Gracias a esta historiografía pueden convivir en el mismo nivel imaginario dos liberales como Benito Juárez y Francisco I. Madero, con un colectivista como Lázaro Cárdenas, que niega los idearios y políticas de los dos primeros. ¿Por qué notar la diferencia, si el kitsch sólo busca evocar una noción de grandeza? Veamos dos ejemplos de polarización a través de la historiografía.

El primero es el uso de la palabra “conservador” para descalificar, asumiendo que los afines al líder son “liberales”; aun cuando no tengan algo en común con ese ideario o sabiendo que muchos de quienes son tachados de “conservadores” son de hecho liberales. ¿Importa si López Obrador es reconocido como la encarnación del zeitgeist?

El segundo es el término “fifí” para denostar a la prensa que no coincide con sus visiones, en un intento por minar la confianza del público en la libertad de expresión. El propio López Obrador ha llegado a afirmar que ese nombre era el que se daba a quienes apoyaron a Victoriano Huerta para derrocar a Madero.

Mafia

Se entiende por “mafia” al fenómeno criminal típico de la Sicilia occidental donde, siguiendo un esquema de propiedad latifundista, se establecen relaciones de lealtad verticales al interior de un grupo, basadas en leyes no escritas y rituales de iniciación. Sus ramificaciones pueden ir más allá del grupo delictivo, hacia el gobierno y el sector privado.

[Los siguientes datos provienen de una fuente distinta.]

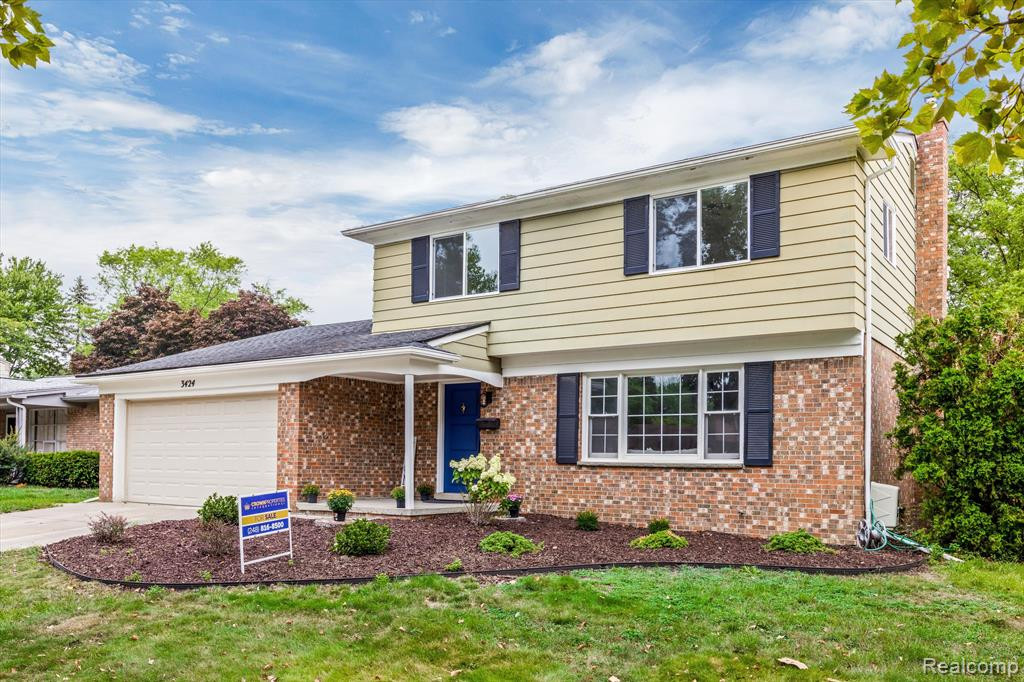 3424 YELLOWSTONE Drive, Ann Arbor, MI 48105 — Photo 2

Esta imagen de complicidad vertical y secrecía ha servido para implantar en el imaginario la existencia de una “mafia del poder” para suplir dos expresiones que, si bien serían más exactas, no tienen el mismo valor emocional: oligarquía y clase gobernante. Importa la noción de un grupo oscuro y tenebroso para justificar un estado de las cosas.